Interfaces are more difficult due to multiple inheritance of interface. Generally the last two casts to interfaces are cached in the runtime type. IN the very early days (over a decade ago), interfaces were a bit slow, but that is no longer relevant.
Hopefully you can see that this sort of thing is largely irrelevant to performance. Your source code is more important. In terms of performance, the biggest hit in your scenario is liable to be cache misses from chasing object pointers all over the place (the type information will of course be common).
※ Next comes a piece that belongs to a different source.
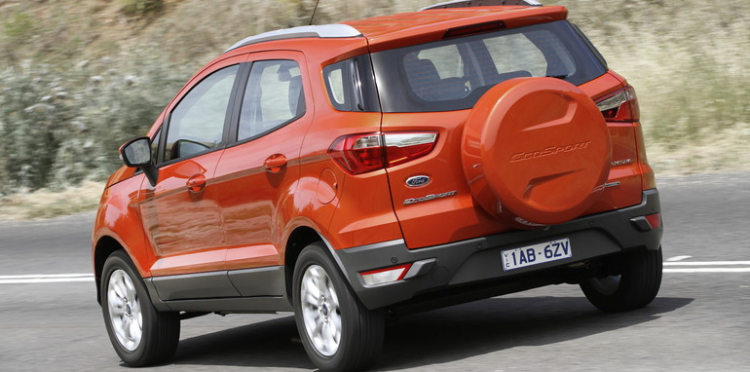 Chuyện cái bánh xe dự phòng Ford Ecosport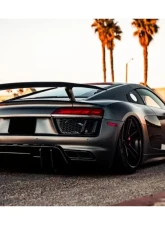 Carbonado CFRP VRS Style Rear Diffuser Audi R8 Coupe | Spyder 2016-2019                                     - CF8358VRS-RD - Image 10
For example, suppose we have an array of Object[], where each element might have a different type. But we always know for sure that, say, element 0 is a Double, element 1 is a String. (I know this is a wrong design, but let's just assume I had to do this.)
The compiler does not note the types of the individual elements of an array. It simply checks that the type of each element expression is assignable to the array element type.
Is Java's type information still kept around at run time? Or everything is forgotten after compilation, and if we do (Double)elements[0], we'll just follow the pointer and interpret those 8 bytes as a double, whatever that is?
Some information is kept around at run time, but not the static types of the individual elements. You can tell this from looking at the class file format.
It is theoretically possible that the JIT compiler could use "escape analysis" to eliminate unnecessary type checks in some assignments. However, doing this to the degree you are suggesting would be beyond the bounds of realistic optimization. The payoff of analysing the types of individual elements would be too small.
Besides, people should not write application code like that anyway.
The byte code instruction for performing casting at runtime is called checkcast. You can disassemble Java code using javap to see what instructions are generated.
For arrays, Java keeps type information at runtime. Most of the time, the compiler will catch type errors for you, but there are cases where you will run into an ArrayStoreException when trying to store an object in an array, but the type does not match (and the compiler didn't catch it). The Java language spec gives the following example:
class Point { int x, y; }
class ColoredPoint extends Point { int color; }
class Test {
public static void main(String[] args) {
ColoredPoint[] cpa = new ColoredPoint[10];
Point[] pa = cpa;
System.out.println(pa[1] == null);
try {
pa[0] = new Point();
} catch (ArrayStoreException e) {
System.out.println(e);
}
}
}
Point[] pa = cpa is valid since ColoredPoint is a subclass of Point, but pa[0] = new Point() is not valid.
This is opposed to generic types, where there is no type information kept at runtime. The compiler inserts checkcast instructions where necessary.
This difference in typing for generic types and arrays makes it often unsuitable to mix arrays and generic types.
In theory, there is overhead introduced.
However, modern JVMs are smart.
Each implementation is different, but it is not unreasonable to assume that there could exist an implementation that JIT optimized away casting checks when it could guarantee that there would never be a conflict.
As for which specific JVMs offer this, I couldn't tell you. I must admit I'd like to know the specifics of JIT optimization myself, but these are for JVM engineers to worry about.
The moral of the story is to write understandable code first. If you're experiencing slowdowns, profile and identify your problem.
Odds are good that it won't be due to casting.
Never sacrifice clean, safe code in an attempt to optimize it UNTIL YOU KNOW YOU NEED TO.